::: INFORMATION PROVIDED :::

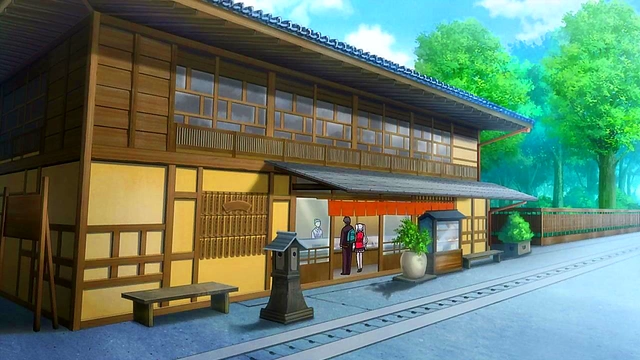 Harem Anime Drama – Vampiro Seduces Girls in Fortune Arterial EP04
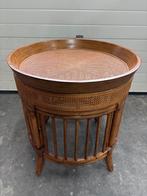 Tafel.. rotan.. webbing.. hout.. zeer mooi, Ophalen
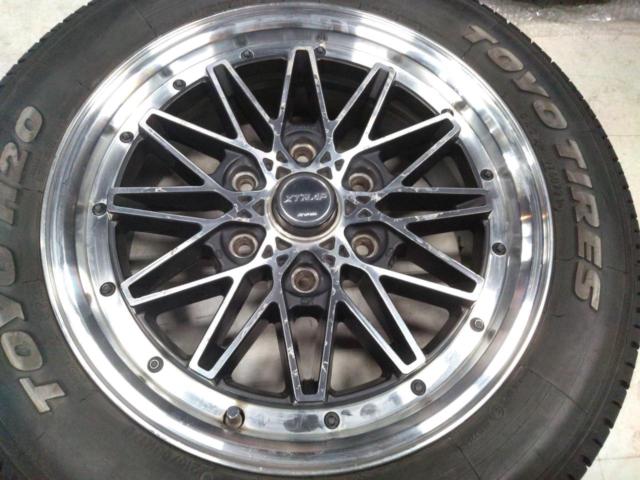 WORK XTRAP 03HC + TOYO H20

:::

▶ PROBLEM:
Restate all of the data word for word and include no pictures.

▶ SOLUTION:
 Harem Anime Drama – Vampiro Seduces Girls in Fortune Arterial EP04
 Tafel.. rotan.. webbing.. hout.. zeer mooi, Ophalen
 WORK XTRAP 03HC + TOYO H20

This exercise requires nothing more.